Caption-style text data
=-=-=

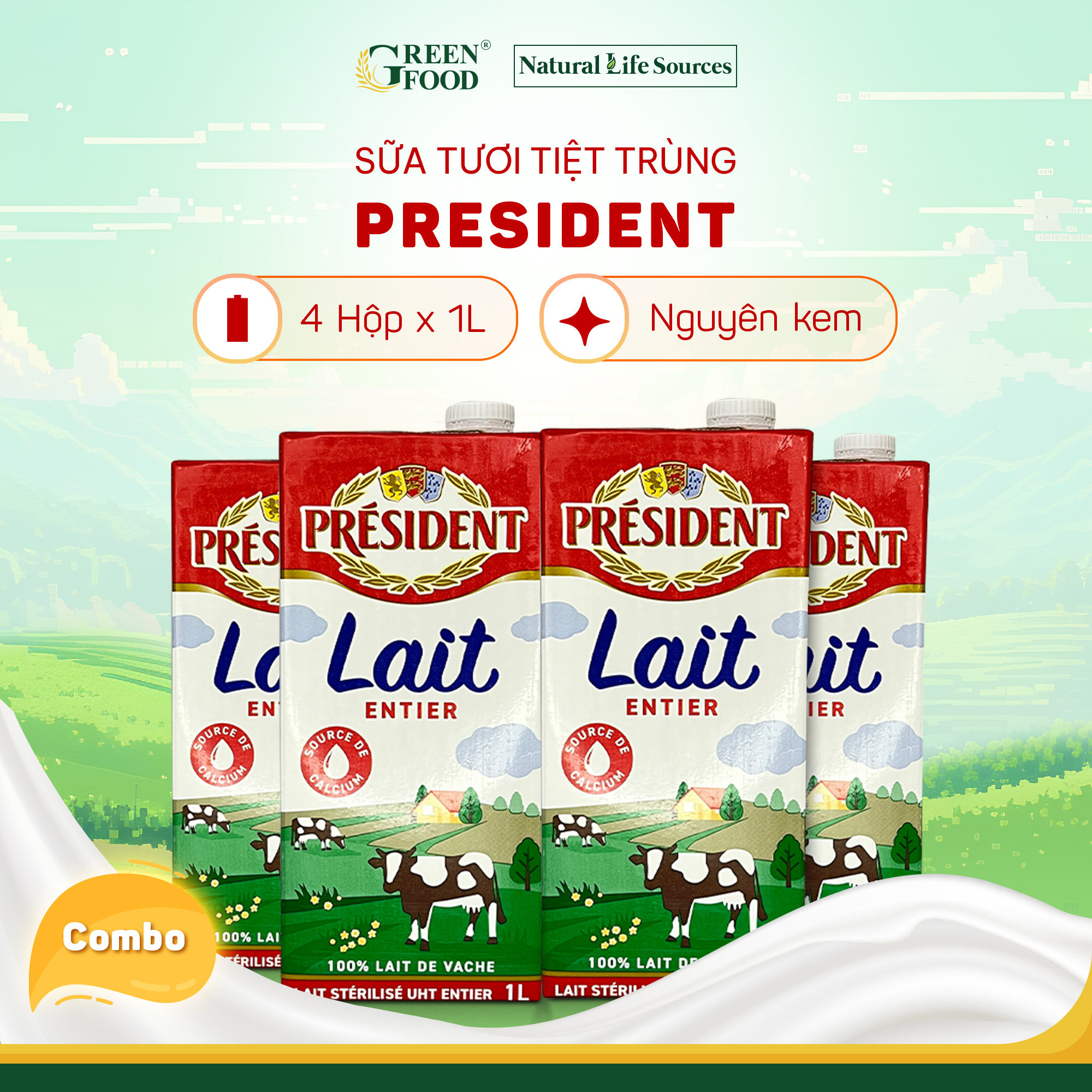 Combo 4 Hộp Sữa tươi tiệt trùng nguyên kem cao cấp President không đường | Hộp 1L - Nhập khẩu chính hãng từ Pháp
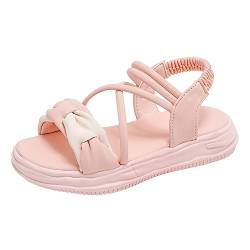 HUyydza Sandalen Mädchen - Mädchen Sandalen mit Blumendruck Sommerschuhe Mädchen Perle Tanzschuhe Mit Weichen Sohlen Kinder Riemchensandalen Klettverschluss und Glitzerstreifen Baby Kinder Mädchen von HUyydza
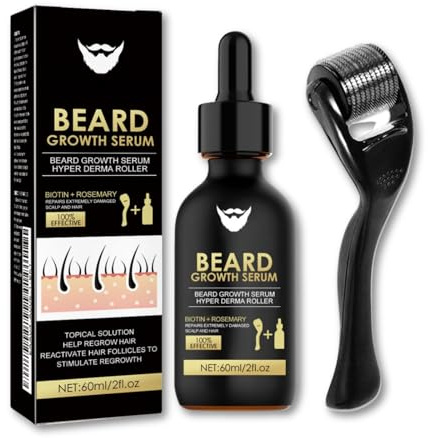 Bartwuchs Kit, Bartwachstum Set mit Bartroller Set für Männer - Bartöl und Bartpflege Serum mit Natürlichen Inhaltsstoffen, Stimuliert Schnurrbart und Haarwachstum, Geschenk für Vater oder Ehemann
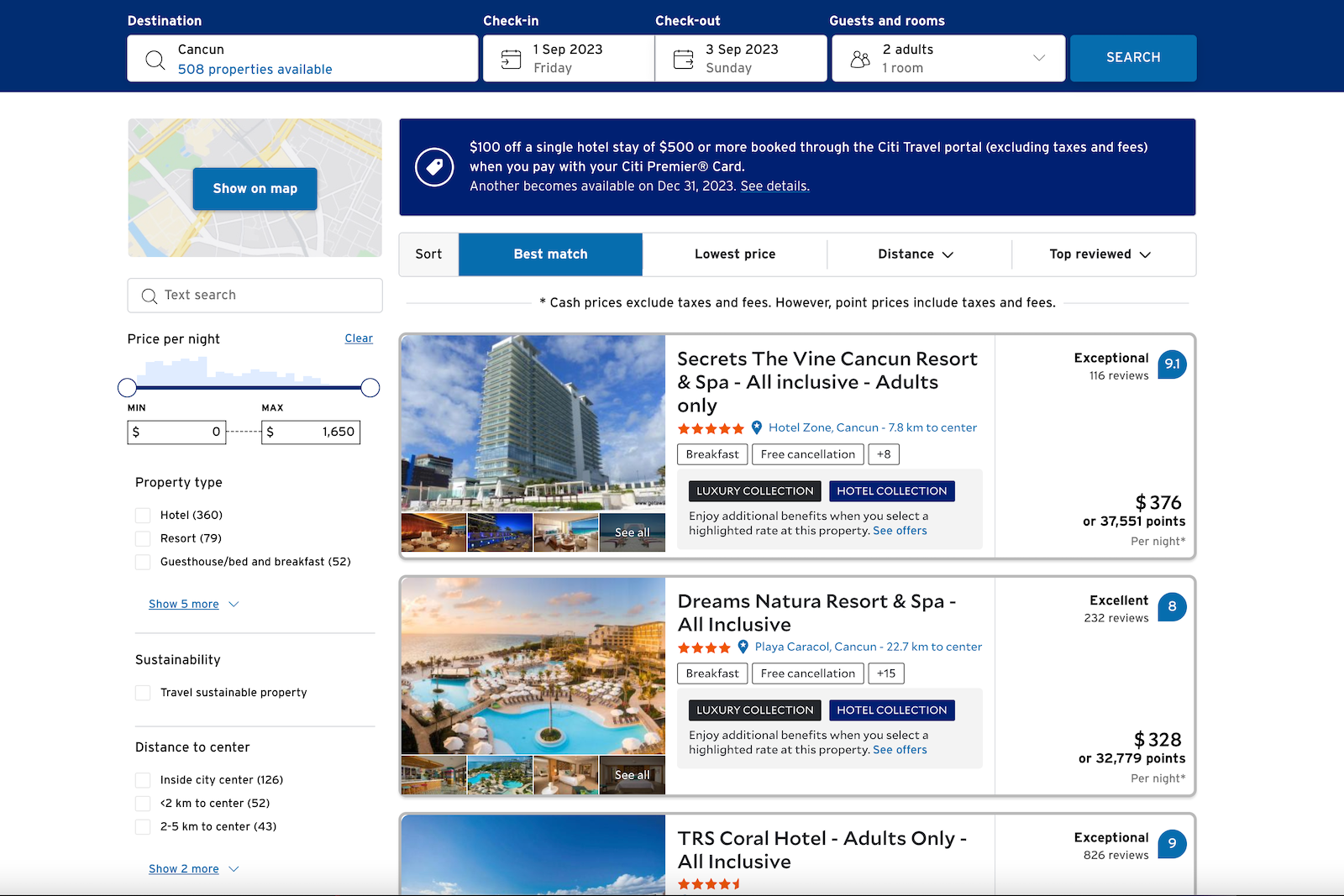 hotel search results in Citi's portal for Cancun, some showing Luxury Hotel Collection tags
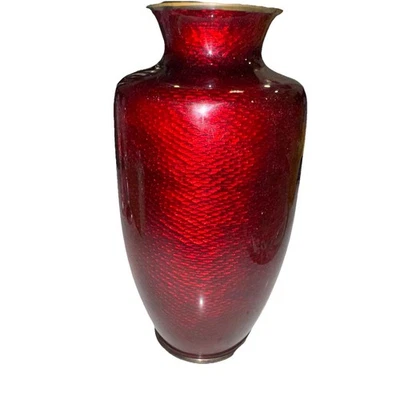 "Florero cloisonné vintage de 7"" esmalte Akasuke Gunnar de bambú rojo sangre de paloma" Foto 1 de 4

=-=-=

*Task objective:* Print only the lines from the line that contains "Bartwuchs Kit, Bartwachstum" to the final line of the data, inclusive. Pictures stay out.

*Problem solution:*
 Bartwuchs Kit, Bartwachstum Set mit Bartroller Set für Männer - Bartöl und Bartpflege Serum mit Natürlichen Inhaltsstoffen, Stimuliert Schnurrbart und Haarwachstum, Geschenk für Vater oder Ehemann
 hotel search results in Citi's portal for Cancun, some showing Luxury Hotel Collection tags
 "Florero cloisonné vintage de 7"" esmalte Akasuke Gunnar de bambú rojo sangre de paloma" Foto 1 de 4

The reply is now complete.